▸ **About this task**
From the line containing "Disney Lilo &" down to the line containing "Karte von Hagendorn", copy out the entries below exactly, both lines included, and nothing else; pictures do not belong in the copy.

▸ **Extracted data**
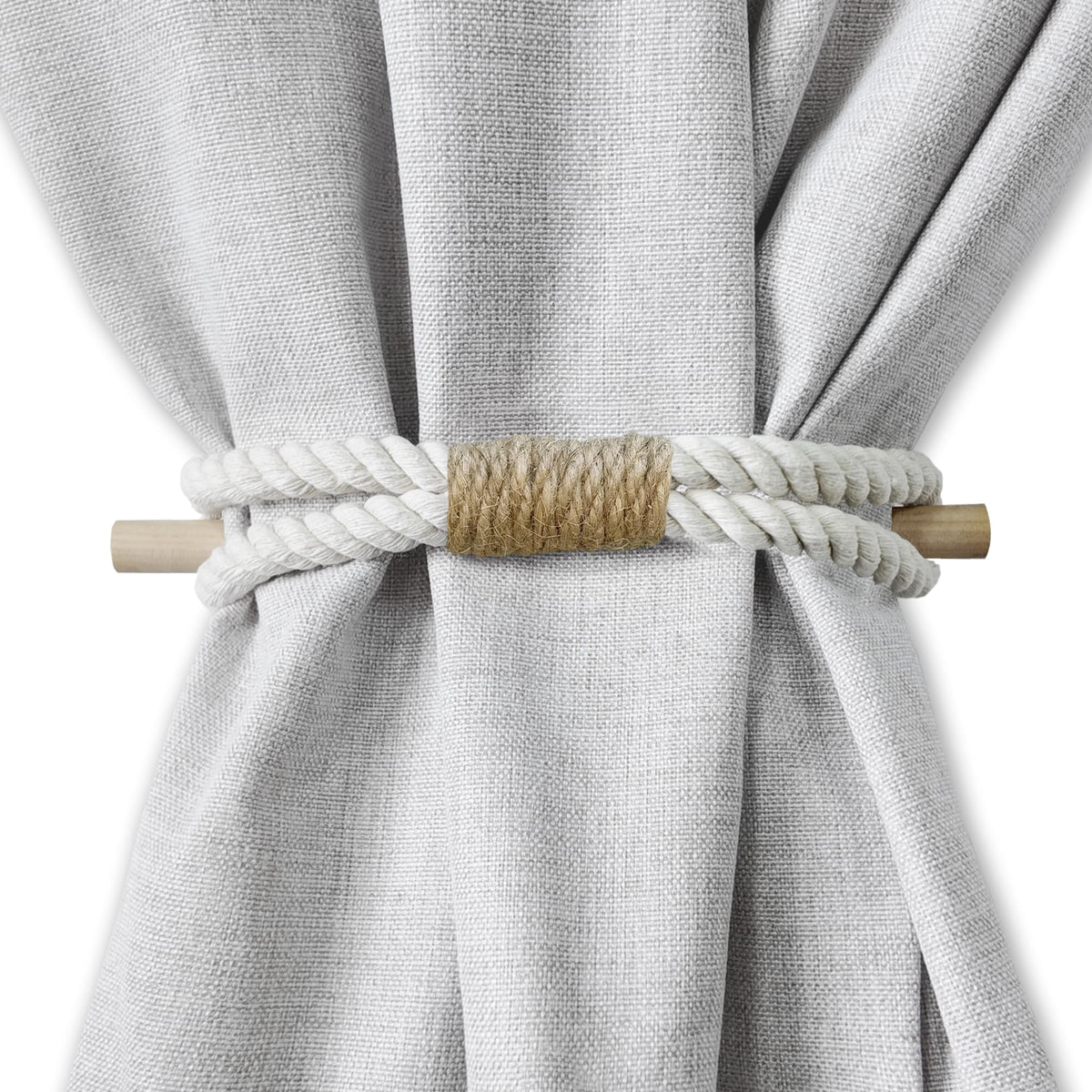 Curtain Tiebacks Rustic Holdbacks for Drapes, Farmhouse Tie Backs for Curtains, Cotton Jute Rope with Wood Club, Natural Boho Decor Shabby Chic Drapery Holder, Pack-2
* * *
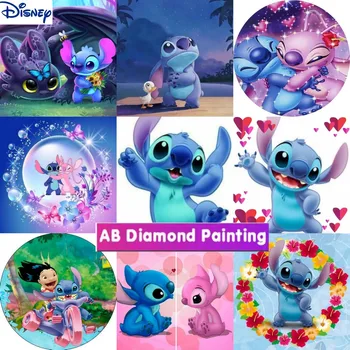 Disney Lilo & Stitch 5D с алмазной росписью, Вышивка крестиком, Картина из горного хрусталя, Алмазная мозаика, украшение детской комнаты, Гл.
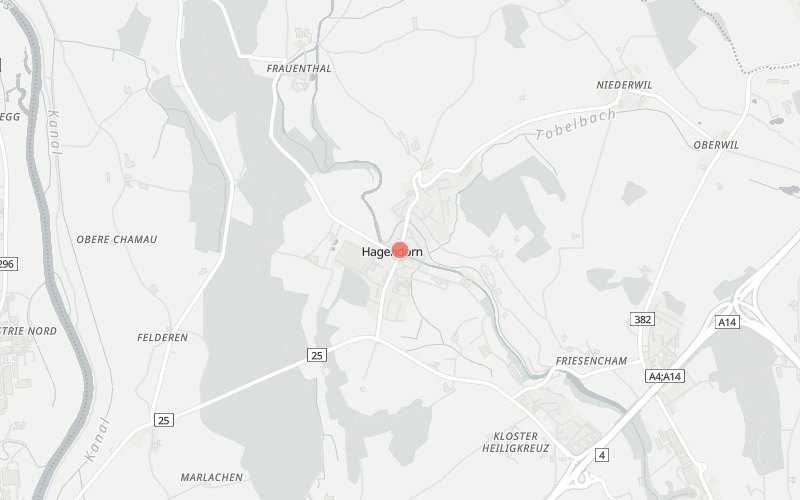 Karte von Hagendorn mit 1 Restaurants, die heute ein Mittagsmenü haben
...
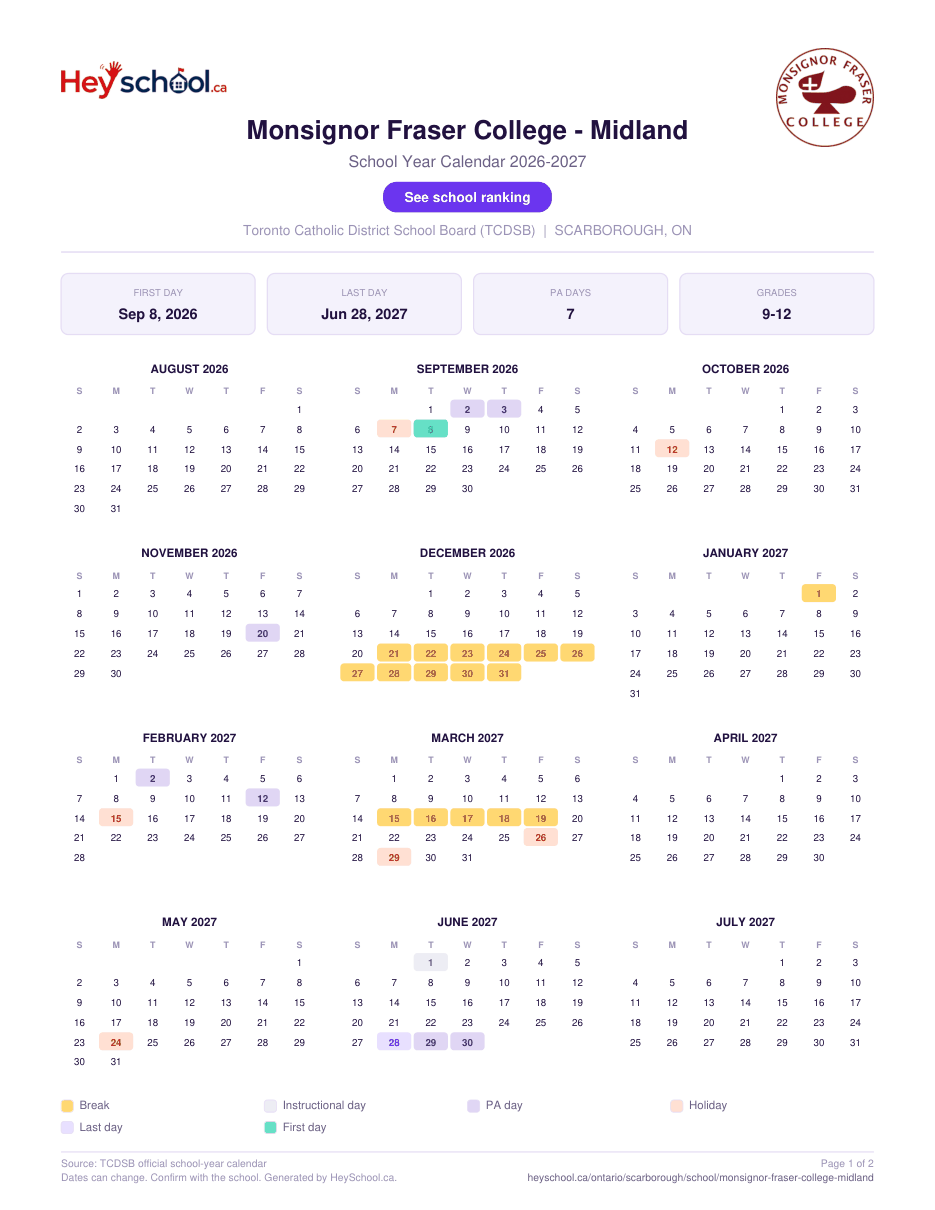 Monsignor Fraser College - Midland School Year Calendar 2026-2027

▸ **Response below**
 Disney Lilo & Stitch 5D с алмазной росписью, Вышивка крестиком, Картина из горного хрусталя, Алмазная мозаика, украшение детской комнаты, Гл.
 Karte von Hagendorn mit 1 Restaurants, die heute ein Mittagsmenü haben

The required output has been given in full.